Task instructions:
Print the records below exactly, from the line containing "See Cathedral Cove" down to the line containing "斗球直播：激情赛事，实时观看，独家精彩，三重福利等你来", both lines included, and omit every picture.

Excerpted data:

=== Section Start ===

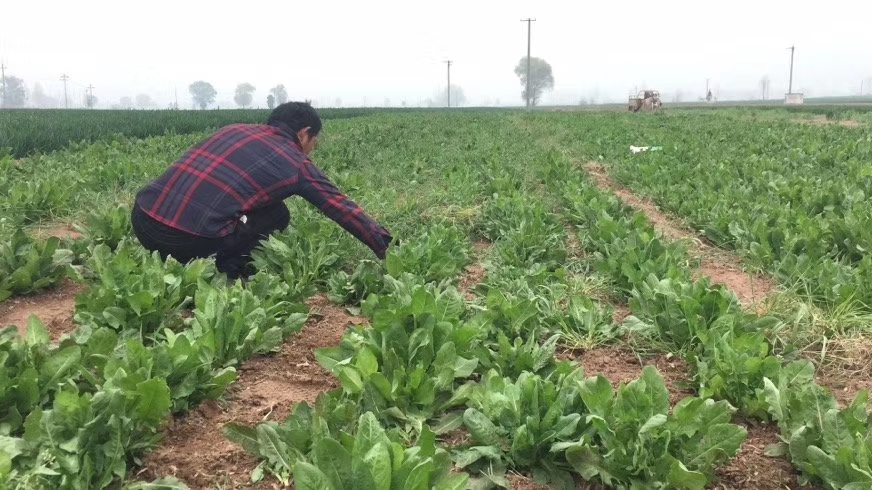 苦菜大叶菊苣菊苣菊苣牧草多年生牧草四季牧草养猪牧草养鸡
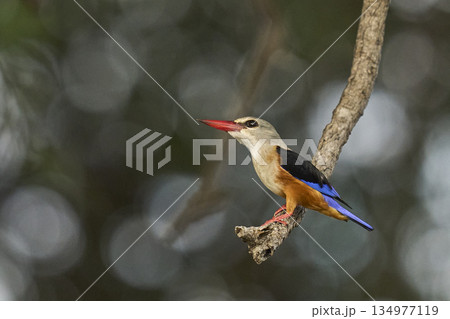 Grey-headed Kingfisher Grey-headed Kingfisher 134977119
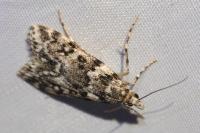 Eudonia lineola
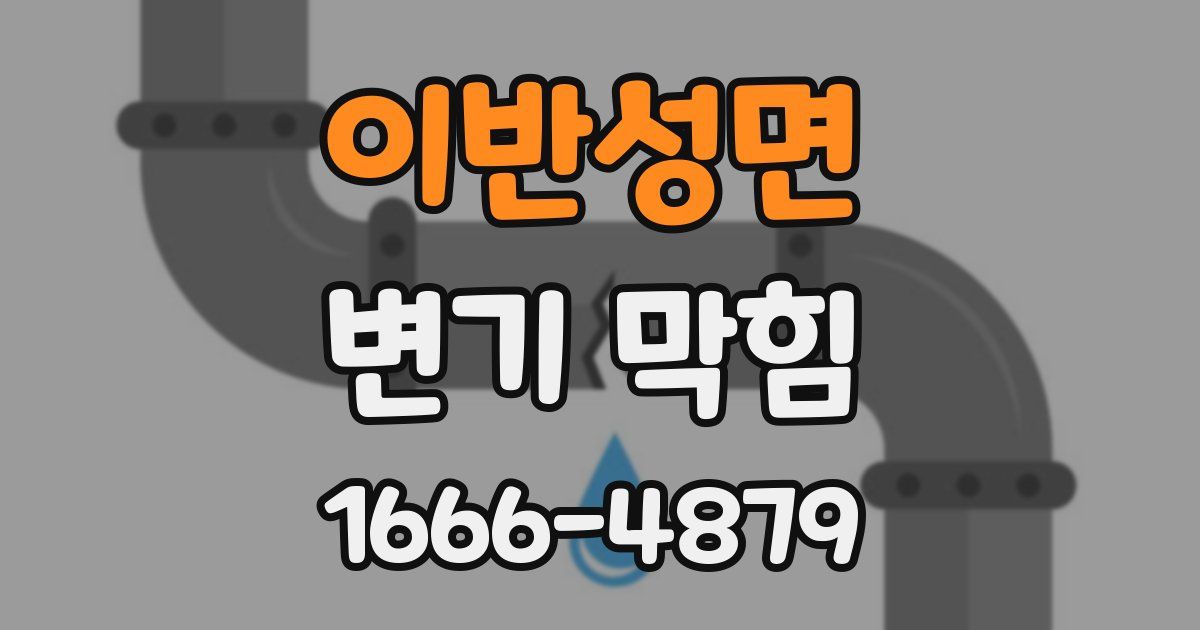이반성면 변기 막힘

=== Section End ===
=== Section Start ===

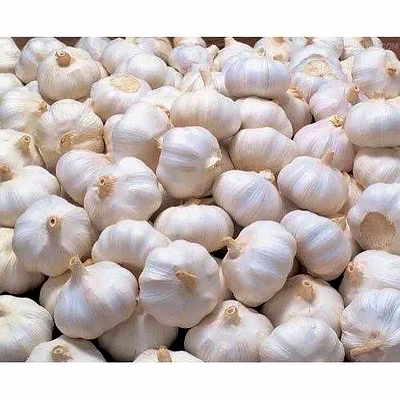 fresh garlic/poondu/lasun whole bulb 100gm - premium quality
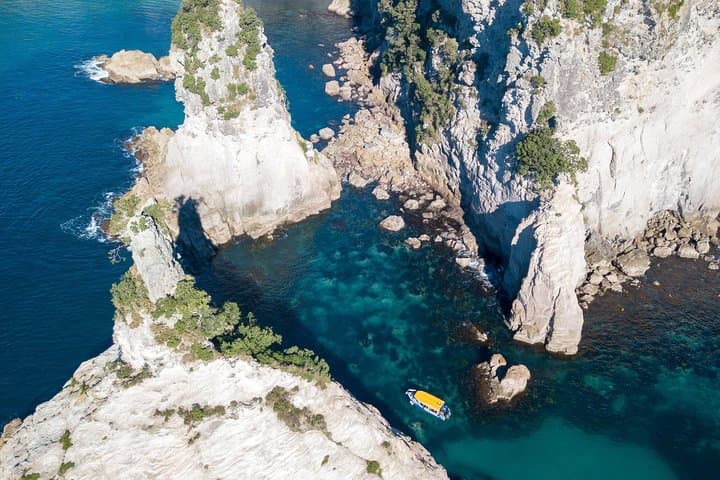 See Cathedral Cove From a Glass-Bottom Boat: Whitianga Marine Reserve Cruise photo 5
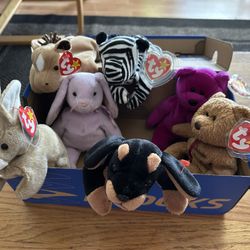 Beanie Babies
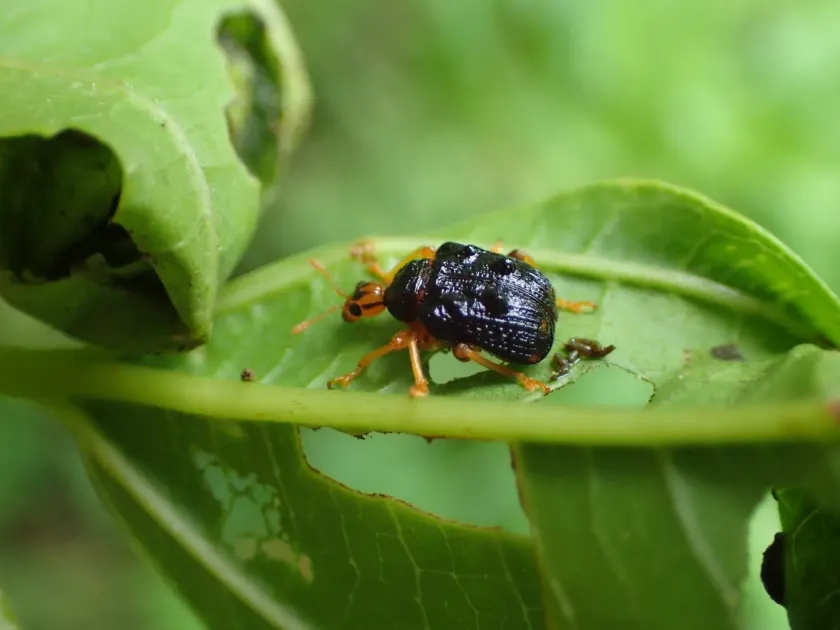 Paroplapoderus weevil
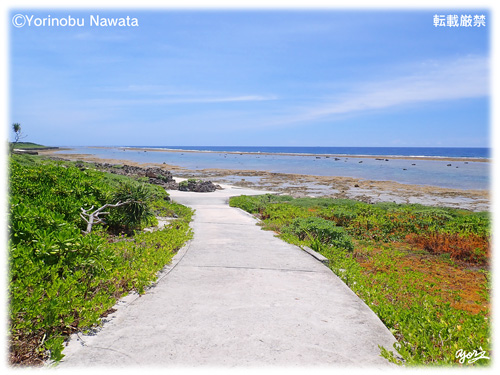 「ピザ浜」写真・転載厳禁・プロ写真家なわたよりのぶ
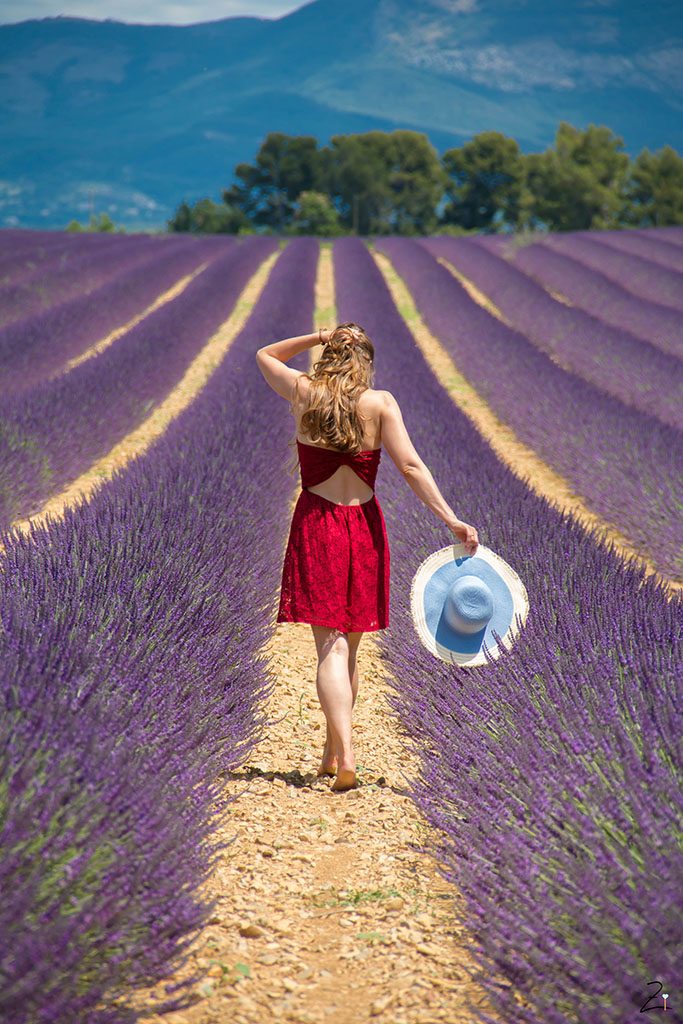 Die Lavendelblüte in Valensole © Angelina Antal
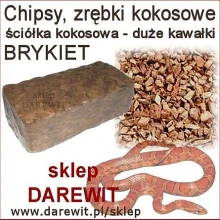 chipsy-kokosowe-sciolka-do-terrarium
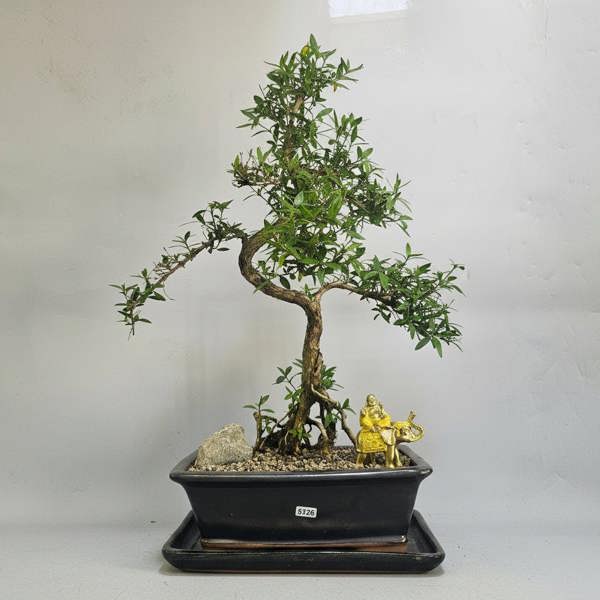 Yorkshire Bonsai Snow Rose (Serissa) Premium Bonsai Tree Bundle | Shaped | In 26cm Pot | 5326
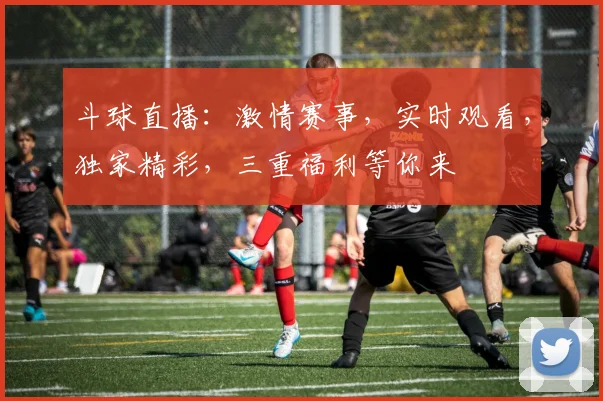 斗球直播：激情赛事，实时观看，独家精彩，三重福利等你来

=== Section End ===
=== Section Start ===

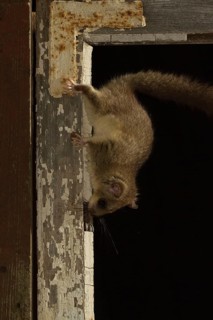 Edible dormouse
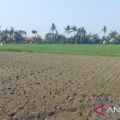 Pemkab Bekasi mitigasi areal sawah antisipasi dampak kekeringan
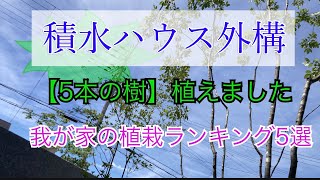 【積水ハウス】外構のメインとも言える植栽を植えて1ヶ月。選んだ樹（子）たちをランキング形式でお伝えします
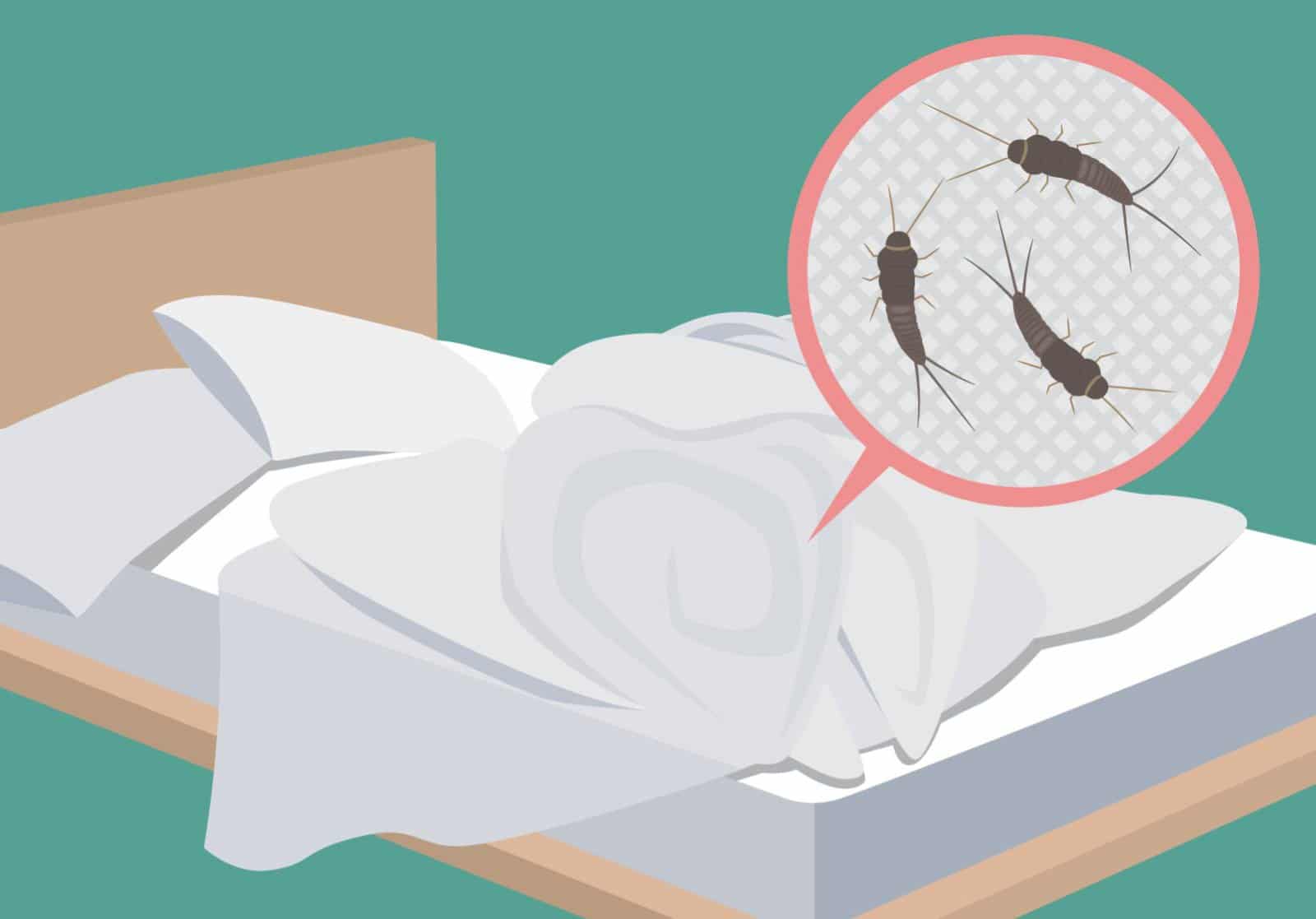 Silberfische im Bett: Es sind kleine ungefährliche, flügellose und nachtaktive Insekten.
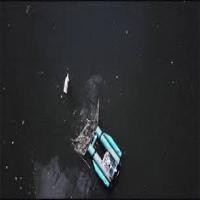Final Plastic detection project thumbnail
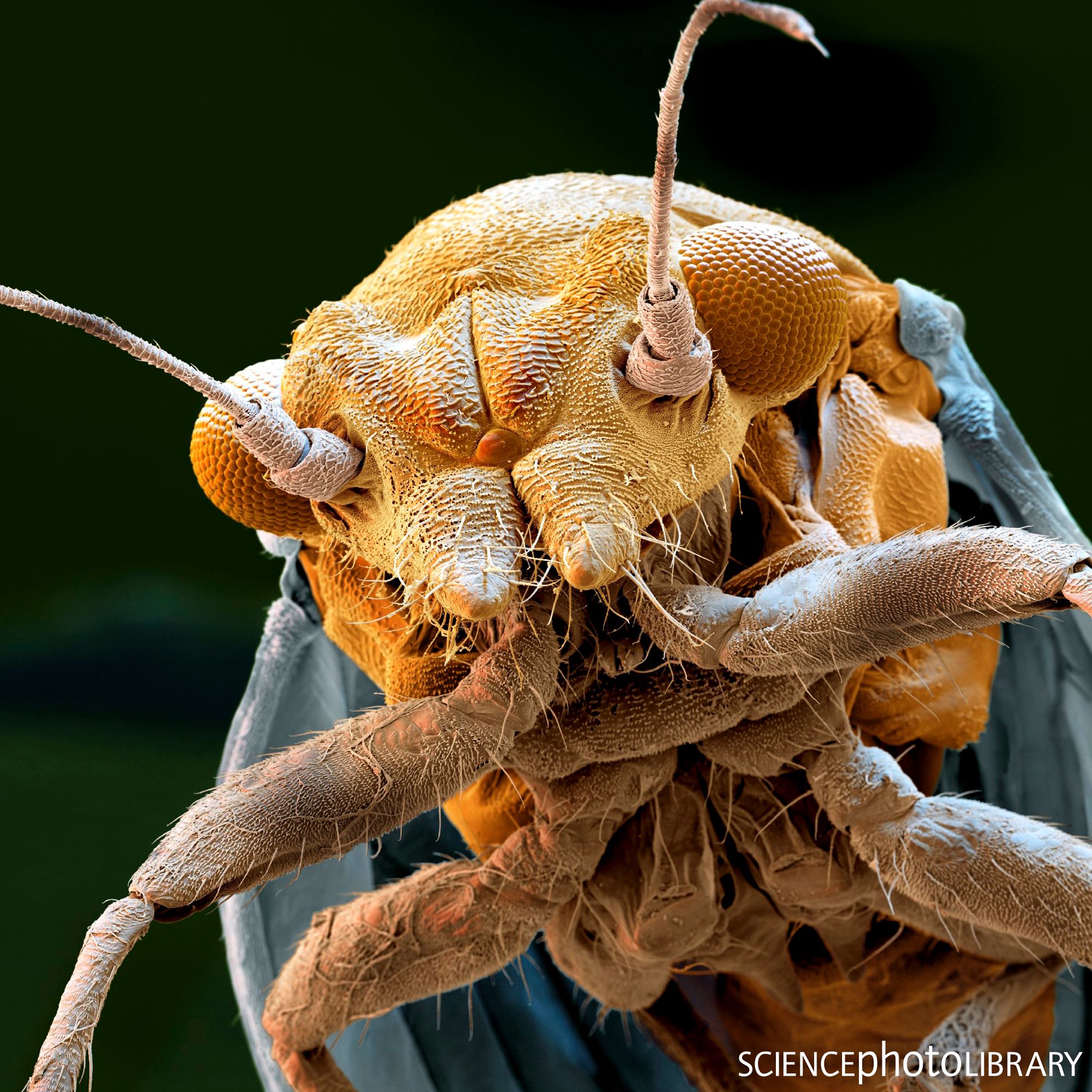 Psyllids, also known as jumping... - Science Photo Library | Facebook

=== Section End ===

Solved exercise:
 See Cathedral Cove From a Glass-Bottom Boat: Whitianga Marine Reserve Cruise photo 5
 Beanie Babies
 Paroplapoderus weevil
 「ピザ浜」写真・転載厳禁・プロ写真家なわたよりのぶ
 Die Lavendelblüte in Valensole © Angelina Antal
 chipsy-kokosowe-sciolka-do-terrarium
 Yorkshire Bonsai Snow Rose (Serissa) Premium Bonsai Tree Bundle | Shaped | In 26cm Pot | 5326
 斗球直播：激情赛事，实时观看，独家精彩，三重福利等你来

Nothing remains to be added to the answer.